Kimberly Povloski is a poet from Houston, Texas. She currently resides in the state of Washington, where she is studying creative writing (poetry) at Eastern Washington University’s MFA program.

Born in France and educated in Paris, Jean-Mark Sens has lived in the American South for over twenty five years, and recently moved to Bucksport ME at Saint Elizabeth of Hungry to work with Franciscans as a postulant. He has published poems in magazines in the U.S. and Canada, and a first collection, Appetite, with Red Hen Press.

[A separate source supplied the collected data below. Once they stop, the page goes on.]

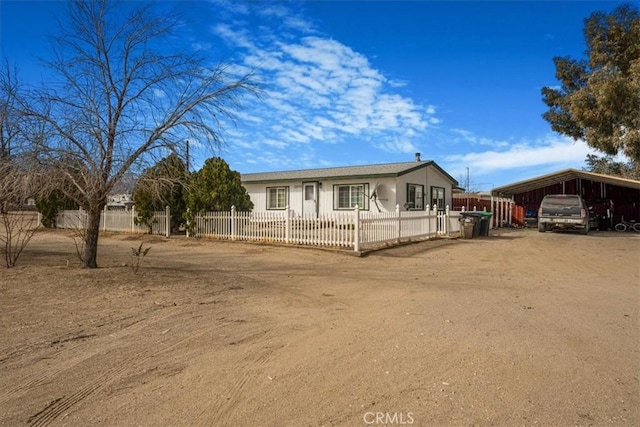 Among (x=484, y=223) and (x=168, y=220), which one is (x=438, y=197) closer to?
(x=484, y=223)

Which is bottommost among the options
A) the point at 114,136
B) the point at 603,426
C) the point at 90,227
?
the point at 603,426

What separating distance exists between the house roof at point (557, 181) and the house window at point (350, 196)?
28.1 ft

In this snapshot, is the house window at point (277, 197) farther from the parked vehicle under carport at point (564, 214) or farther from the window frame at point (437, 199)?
the parked vehicle under carport at point (564, 214)

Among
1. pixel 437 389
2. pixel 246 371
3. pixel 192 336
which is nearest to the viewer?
pixel 437 389

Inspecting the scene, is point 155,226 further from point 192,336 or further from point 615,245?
point 615,245

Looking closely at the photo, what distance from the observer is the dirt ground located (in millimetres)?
2770

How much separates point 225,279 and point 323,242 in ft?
16.9

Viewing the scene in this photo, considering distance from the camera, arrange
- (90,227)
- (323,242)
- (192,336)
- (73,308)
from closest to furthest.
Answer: (192,336) < (73,308) < (90,227) < (323,242)

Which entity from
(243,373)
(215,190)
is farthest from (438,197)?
(243,373)

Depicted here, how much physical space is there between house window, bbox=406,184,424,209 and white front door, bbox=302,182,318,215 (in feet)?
16.7

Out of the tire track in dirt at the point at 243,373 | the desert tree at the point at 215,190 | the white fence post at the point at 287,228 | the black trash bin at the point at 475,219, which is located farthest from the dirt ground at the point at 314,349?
the black trash bin at the point at 475,219

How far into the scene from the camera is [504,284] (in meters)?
7.32

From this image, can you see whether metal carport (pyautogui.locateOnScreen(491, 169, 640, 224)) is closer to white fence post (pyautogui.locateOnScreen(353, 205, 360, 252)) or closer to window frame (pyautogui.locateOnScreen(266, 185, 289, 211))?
window frame (pyautogui.locateOnScreen(266, 185, 289, 211))

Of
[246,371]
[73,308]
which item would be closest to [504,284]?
[246,371]
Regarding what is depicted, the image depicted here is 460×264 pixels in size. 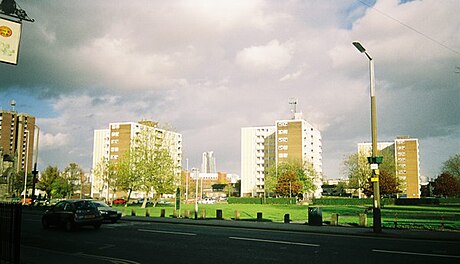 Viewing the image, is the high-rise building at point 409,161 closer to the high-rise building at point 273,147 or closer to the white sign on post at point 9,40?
the high-rise building at point 273,147

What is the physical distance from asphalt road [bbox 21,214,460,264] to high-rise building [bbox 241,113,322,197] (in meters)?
135

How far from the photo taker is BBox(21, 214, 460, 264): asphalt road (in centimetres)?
1228

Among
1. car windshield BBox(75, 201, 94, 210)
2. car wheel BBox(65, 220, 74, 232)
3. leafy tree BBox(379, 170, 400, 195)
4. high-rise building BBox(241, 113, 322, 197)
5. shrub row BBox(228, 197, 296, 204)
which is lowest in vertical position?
shrub row BBox(228, 197, 296, 204)

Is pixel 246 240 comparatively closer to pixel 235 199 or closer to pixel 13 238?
pixel 13 238

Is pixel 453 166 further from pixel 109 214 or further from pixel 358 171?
pixel 109 214

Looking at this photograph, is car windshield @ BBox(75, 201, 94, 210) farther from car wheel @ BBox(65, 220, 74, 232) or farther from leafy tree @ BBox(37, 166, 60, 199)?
leafy tree @ BBox(37, 166, 60, 199)

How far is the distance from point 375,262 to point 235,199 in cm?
9191

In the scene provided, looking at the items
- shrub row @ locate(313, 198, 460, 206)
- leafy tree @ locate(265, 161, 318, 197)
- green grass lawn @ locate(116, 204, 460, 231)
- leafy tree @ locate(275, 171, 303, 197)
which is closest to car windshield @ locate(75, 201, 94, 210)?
green grass lawn @ locate(116, 204, 460, 231)

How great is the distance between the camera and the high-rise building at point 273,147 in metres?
153

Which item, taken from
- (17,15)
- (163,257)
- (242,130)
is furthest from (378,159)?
(242,130)

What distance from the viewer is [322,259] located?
12.2 m

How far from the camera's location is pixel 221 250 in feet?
46.5

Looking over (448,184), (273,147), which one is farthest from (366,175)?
(273,147)

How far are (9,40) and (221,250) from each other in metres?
10.0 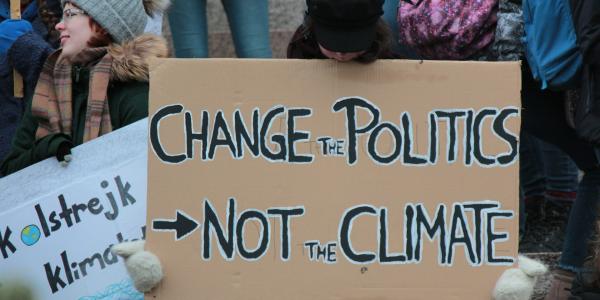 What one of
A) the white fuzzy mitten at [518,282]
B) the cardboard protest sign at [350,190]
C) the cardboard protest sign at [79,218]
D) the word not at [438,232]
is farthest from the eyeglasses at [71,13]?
the white fuzzy mitten at [518,282]

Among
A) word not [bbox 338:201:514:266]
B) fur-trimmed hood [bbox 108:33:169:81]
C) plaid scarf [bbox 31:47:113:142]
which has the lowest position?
word not [bbox 338:201:514:266]

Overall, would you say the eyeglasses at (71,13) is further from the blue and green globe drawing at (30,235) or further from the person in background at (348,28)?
the person in background at (348,28)

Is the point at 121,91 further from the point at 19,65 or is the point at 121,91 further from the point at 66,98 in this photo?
the point at 19,65

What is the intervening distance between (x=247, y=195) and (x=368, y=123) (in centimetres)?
40

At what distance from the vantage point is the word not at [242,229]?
2.97m

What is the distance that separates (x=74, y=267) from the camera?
3.37m

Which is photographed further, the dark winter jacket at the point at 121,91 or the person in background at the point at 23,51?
the person in background at the point at 23,51

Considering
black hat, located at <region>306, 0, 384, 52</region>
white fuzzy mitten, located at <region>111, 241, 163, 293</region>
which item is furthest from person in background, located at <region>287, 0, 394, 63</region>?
white fuzzy mitten, located at <region>111, 241, 163, 293</region>

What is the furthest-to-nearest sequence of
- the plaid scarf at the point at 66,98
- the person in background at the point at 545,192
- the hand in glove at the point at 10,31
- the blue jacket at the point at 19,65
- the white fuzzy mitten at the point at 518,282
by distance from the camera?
the person in background at the point at 545,192 → the hand in glove at the point at 10,31 → the blue jacket at the point at 19,65 → the plaid scarf at the point at 66,98 → the white fuzzy mitten at the point at 518,282

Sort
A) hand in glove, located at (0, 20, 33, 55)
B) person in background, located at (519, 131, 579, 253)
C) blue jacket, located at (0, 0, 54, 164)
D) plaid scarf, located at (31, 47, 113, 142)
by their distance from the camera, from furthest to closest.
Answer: person in background, located at (519, 131, 579, 253) < hand in glove, located at (0, 20, 33, 55) < blue jacket, located at (0, 0, 54, 164) < plaid scarf, located at (31, 47, 113, 142)

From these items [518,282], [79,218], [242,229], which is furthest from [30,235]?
[518,282]

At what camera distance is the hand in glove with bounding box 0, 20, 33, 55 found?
477 centimetres

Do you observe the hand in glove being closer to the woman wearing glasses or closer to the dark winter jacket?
the woman wearing glasses

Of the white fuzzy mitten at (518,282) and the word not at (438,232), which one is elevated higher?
the word not at (438,232) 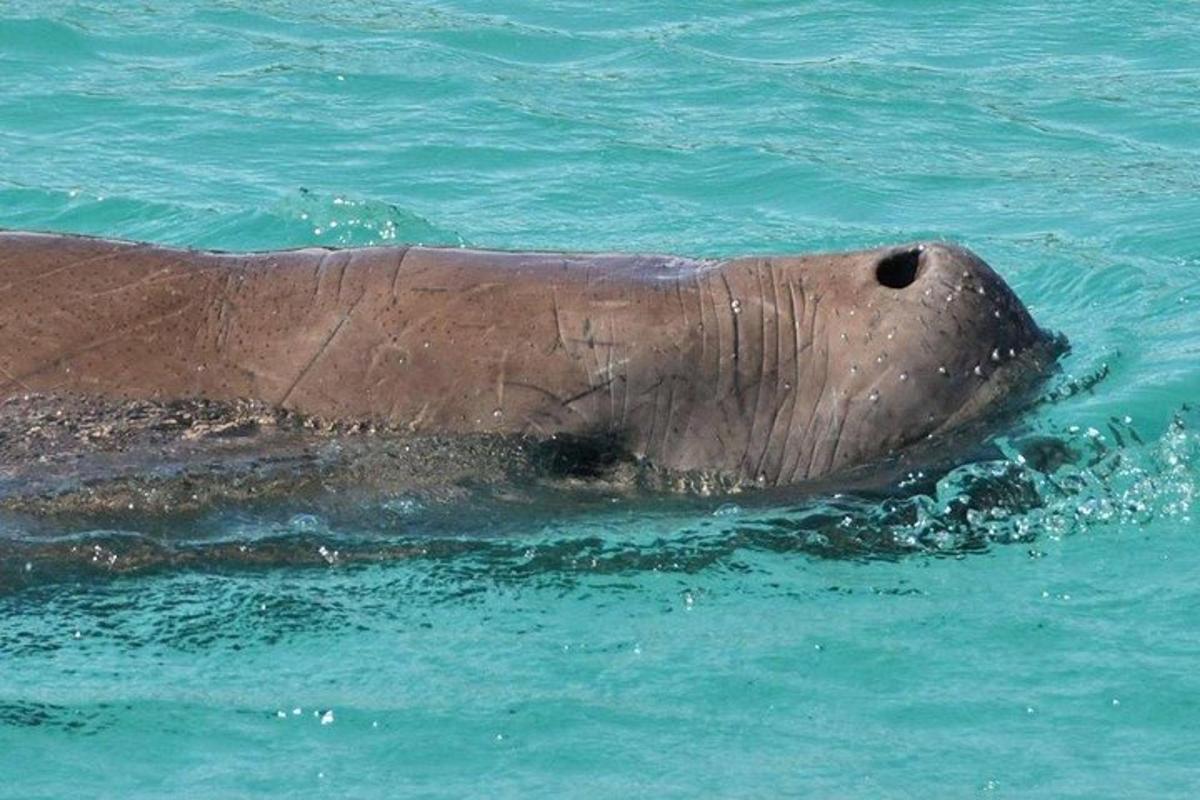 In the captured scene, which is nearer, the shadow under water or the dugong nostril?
the shadow under water

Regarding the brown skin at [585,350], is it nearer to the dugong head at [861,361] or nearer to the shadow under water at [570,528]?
the dugong head at [861,361]

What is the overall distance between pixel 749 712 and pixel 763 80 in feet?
26.7

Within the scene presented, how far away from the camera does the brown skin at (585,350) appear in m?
6.61

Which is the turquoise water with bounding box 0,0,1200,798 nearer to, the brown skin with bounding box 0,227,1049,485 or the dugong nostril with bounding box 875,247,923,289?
the brown skin with bounding box 0,227,1049,485

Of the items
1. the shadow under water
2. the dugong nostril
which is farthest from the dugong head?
the shadow under water

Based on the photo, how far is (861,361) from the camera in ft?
21.7

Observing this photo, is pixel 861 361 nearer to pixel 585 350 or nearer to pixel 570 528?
pixel 585 350

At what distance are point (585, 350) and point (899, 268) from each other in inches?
34.1

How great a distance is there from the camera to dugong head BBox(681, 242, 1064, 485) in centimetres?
660

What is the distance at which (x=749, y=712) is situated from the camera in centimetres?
605

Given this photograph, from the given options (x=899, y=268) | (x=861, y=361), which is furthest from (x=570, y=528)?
(x=899, y=268)

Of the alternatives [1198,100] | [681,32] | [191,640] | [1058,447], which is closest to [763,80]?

Emilie Staat wrestled with a novel for more than a decade and has now returned to her film industry roots, writing a sitcom. Her essay “Tango Face” won the Faulkner-Wisdom nonfiction prize in 2012 and her essay “Holding on When I Should’ve Let Go” was published in Et Alia’s Scars Anthology in 2015. She lives in New Orleans.

Eleanor Stern is a writer and student from New Orleans currently based in New York.

John Sibley Williams is the author of As One Fire Consumes Another (Orison Poetry Prize, 2019), Skin Memory (Backwaters Prize, 2019), Disinheritance, and Controlled Hallucinations. A nineteen-time Pushcart nominee, John is the winner of numerous awards, including the Philip Booth Award, American Literary Review Poetry Contest, Phyllis Smart-Young Prize, The 46er Prize, Nancy D. Hargrove Editors’ Prize, Confrontation Poetry Prize, and Laux/Millar Prize. He serves as editor of The Inflectionist Review and works as a literary agent. Previous publishing credits include: The Yale Review, Midwest Quarterly, Southern Review, Sycamore Review, Prairie Schooner, The Massachusetts Review, Poet Lore, Saranac Review, Atlanta Review, TriQuarterly, Columbia Poetry Review, Mid-American Review, Poetry Northwest, Third Coast, and various anthologies. He lives in Portland, Oregon.